*WHAT THE TASK ASKS*: Using the records below, give again exactly the lines from the line that contains "Stranger things kinder joy" through the line that contains "Pelatih asal Amerika", both ends included, and only those.

*SUPPLIED INFORMATION*:

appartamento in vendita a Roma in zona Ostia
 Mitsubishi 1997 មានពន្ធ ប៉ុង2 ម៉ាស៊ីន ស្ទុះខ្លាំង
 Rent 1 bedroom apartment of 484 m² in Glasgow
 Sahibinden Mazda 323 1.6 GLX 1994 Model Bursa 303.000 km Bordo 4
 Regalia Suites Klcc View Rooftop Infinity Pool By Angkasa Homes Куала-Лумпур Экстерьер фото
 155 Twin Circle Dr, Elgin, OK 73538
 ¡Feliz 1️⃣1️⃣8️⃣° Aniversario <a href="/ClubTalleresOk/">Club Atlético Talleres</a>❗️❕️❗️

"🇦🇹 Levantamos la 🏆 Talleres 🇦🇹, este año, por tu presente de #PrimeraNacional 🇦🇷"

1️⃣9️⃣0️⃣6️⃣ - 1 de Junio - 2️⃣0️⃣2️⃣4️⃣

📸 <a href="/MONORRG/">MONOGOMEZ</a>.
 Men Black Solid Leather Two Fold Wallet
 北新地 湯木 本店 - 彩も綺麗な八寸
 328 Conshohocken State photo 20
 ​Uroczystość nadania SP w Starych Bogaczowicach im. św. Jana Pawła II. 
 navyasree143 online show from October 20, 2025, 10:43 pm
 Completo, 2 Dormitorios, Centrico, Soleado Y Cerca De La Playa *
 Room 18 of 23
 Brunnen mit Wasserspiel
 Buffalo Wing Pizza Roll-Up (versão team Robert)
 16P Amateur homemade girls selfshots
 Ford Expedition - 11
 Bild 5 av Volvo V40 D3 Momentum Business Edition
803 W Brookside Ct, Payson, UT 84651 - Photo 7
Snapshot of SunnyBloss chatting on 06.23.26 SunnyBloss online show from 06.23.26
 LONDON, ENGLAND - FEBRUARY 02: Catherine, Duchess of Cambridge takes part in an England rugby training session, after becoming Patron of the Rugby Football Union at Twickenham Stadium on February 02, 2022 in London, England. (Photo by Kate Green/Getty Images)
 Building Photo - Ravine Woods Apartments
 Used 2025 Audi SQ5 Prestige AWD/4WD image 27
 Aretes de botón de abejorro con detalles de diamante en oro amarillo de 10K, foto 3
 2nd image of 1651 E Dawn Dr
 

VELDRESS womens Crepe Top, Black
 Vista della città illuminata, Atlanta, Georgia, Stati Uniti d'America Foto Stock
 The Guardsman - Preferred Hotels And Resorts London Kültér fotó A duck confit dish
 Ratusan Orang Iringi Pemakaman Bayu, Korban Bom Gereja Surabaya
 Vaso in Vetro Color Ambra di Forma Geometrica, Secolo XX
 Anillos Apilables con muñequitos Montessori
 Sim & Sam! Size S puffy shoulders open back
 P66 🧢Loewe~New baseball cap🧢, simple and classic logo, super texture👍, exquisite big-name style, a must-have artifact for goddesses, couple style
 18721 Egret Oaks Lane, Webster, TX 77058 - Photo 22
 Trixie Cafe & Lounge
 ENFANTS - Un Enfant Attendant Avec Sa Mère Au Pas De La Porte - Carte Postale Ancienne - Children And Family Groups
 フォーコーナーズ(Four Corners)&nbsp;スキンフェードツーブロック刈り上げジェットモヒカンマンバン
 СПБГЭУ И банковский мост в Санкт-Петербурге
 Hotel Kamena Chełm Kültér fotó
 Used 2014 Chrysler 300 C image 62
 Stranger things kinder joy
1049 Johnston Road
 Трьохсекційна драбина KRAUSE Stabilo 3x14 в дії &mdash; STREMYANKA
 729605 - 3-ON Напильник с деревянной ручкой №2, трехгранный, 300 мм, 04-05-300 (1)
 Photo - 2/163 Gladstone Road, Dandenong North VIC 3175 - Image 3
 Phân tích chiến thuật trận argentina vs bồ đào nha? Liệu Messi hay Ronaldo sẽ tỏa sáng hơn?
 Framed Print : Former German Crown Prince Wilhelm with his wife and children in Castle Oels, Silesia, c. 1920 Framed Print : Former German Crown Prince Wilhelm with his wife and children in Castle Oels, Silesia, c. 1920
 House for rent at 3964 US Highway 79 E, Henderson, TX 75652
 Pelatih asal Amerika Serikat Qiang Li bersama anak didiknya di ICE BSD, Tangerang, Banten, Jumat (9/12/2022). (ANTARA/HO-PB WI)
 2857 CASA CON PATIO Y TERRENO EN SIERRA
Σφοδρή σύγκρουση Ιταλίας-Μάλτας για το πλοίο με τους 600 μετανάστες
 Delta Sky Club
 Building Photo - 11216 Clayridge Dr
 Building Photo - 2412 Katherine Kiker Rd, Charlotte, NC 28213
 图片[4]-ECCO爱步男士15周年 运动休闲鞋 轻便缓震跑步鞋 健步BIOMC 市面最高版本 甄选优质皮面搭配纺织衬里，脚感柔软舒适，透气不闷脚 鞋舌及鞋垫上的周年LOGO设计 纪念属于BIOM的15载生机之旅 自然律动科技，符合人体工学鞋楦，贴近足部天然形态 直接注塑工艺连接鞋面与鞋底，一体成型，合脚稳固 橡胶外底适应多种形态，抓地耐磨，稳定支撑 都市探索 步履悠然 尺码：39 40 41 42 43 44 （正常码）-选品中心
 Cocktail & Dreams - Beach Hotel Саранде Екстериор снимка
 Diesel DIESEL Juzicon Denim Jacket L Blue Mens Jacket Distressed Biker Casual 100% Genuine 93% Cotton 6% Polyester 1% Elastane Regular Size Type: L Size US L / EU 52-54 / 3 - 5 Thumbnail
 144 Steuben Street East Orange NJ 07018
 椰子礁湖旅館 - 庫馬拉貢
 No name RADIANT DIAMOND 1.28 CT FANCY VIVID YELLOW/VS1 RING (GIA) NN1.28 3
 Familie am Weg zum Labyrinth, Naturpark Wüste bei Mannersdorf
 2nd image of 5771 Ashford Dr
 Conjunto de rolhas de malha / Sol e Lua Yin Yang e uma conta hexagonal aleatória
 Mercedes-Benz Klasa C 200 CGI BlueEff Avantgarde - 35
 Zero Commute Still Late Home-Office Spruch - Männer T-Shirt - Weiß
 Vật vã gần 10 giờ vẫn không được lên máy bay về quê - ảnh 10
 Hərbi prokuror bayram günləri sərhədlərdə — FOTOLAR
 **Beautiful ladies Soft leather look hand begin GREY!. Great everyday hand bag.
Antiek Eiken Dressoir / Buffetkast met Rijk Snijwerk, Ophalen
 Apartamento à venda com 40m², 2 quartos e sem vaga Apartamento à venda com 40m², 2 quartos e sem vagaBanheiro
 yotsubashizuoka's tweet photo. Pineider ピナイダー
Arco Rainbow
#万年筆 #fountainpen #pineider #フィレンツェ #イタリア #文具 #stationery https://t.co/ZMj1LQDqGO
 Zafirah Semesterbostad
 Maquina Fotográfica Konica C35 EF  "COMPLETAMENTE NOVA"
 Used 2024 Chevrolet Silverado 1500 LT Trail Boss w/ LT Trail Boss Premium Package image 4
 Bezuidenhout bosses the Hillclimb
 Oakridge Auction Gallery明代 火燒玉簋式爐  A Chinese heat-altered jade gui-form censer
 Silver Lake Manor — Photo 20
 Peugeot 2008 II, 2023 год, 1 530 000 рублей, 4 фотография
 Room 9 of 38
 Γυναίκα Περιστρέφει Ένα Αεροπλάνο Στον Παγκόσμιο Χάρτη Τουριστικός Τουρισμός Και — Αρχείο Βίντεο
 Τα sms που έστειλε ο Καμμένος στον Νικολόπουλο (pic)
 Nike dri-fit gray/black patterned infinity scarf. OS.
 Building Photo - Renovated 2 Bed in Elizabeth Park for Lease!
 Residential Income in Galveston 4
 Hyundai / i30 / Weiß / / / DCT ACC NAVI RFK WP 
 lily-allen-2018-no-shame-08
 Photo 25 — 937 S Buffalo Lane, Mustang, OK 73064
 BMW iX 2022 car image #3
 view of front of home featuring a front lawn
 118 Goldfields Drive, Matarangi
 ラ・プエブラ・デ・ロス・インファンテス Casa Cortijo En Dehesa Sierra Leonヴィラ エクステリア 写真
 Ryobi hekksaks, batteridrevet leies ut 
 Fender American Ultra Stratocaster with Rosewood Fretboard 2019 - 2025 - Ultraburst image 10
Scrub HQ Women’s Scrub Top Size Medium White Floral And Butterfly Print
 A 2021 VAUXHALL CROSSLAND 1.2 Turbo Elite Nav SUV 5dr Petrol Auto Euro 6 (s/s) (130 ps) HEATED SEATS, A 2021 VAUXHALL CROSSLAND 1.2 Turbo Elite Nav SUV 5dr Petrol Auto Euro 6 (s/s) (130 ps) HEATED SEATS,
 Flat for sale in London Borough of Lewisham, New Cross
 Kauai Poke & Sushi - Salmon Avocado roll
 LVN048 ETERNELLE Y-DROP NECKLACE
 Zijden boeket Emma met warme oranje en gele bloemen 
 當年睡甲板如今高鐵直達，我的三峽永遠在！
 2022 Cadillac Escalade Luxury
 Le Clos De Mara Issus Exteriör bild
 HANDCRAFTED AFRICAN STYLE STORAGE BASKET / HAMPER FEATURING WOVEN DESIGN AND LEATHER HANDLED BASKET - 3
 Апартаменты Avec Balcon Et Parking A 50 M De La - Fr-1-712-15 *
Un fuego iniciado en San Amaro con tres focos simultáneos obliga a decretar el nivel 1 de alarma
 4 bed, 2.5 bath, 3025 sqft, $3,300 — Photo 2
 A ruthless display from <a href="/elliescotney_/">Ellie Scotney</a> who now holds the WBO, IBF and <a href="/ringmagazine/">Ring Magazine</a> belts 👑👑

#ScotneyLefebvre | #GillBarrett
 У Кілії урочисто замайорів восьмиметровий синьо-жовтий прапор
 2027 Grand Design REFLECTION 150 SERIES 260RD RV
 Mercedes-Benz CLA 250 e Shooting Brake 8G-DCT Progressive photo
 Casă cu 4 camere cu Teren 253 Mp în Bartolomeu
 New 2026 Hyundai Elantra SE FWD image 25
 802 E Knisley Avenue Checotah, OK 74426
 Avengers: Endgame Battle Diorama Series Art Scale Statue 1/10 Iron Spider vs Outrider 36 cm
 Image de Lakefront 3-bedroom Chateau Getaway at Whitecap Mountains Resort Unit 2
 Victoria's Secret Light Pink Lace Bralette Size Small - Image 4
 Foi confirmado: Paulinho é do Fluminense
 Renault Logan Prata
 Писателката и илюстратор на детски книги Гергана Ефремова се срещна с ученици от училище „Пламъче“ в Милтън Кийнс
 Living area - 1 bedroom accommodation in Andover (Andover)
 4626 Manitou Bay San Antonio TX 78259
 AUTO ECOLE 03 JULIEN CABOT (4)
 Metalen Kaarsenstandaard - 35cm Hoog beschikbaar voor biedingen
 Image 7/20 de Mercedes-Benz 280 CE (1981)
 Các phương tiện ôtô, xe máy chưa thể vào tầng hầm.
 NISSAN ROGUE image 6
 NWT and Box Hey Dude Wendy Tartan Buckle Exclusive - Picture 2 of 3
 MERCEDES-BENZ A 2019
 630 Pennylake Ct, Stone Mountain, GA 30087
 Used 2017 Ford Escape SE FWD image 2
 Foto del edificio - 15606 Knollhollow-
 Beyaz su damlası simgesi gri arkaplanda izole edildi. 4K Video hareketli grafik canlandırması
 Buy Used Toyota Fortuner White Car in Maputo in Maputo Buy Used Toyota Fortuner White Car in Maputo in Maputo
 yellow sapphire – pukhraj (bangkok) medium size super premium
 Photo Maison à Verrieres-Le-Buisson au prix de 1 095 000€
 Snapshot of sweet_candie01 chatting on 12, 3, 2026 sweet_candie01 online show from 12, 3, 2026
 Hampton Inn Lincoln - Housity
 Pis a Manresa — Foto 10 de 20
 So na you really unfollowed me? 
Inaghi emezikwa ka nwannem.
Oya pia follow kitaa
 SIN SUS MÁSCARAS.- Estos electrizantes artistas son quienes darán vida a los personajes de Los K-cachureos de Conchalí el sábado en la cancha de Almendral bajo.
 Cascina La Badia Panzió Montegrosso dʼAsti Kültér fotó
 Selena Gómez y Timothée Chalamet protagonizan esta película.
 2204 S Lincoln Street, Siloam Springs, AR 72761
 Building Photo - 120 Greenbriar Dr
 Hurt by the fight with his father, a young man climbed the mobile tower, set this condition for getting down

*TASK RESPONSE*:
 Stranger things kinder joy
1049 Johnston Road
 Трьохсекційна драбина KRAUSE Stabilo 3x14 в дії &mdash; STREMYANKA
 729605 - 3-ON Напильник с деревянной ручкой №2, трехгранный, 300 мм, 04-05-300 (1)
 Photo - 2/163 Gladstone Road, Dandenong North VIC 3175 - Image 3
 Phân tích chiến thuật trận argentina vs bồ đào nha? Liệu Messi hay Ronaldo sẽ tỏa sáng hơn?
 Framed Print : Former German Crown Prince Wilhelm with his wife and children in Castle Oels, Silesia, c. 1920 Framed Print : Former German Crown Prince Wilhelm with his wife and children in Castle Oels, Silesia, c. 1920
 House for rent at 3964 US Highway 79 E, Henderson, TX 75652
 Pelatih asal Amerika Serikat Qiang Li bersama anak didiknya di ICE BSD, Tangerang, Banten, Jumat (9/12/2022). (ANTARA/HO-PB WI)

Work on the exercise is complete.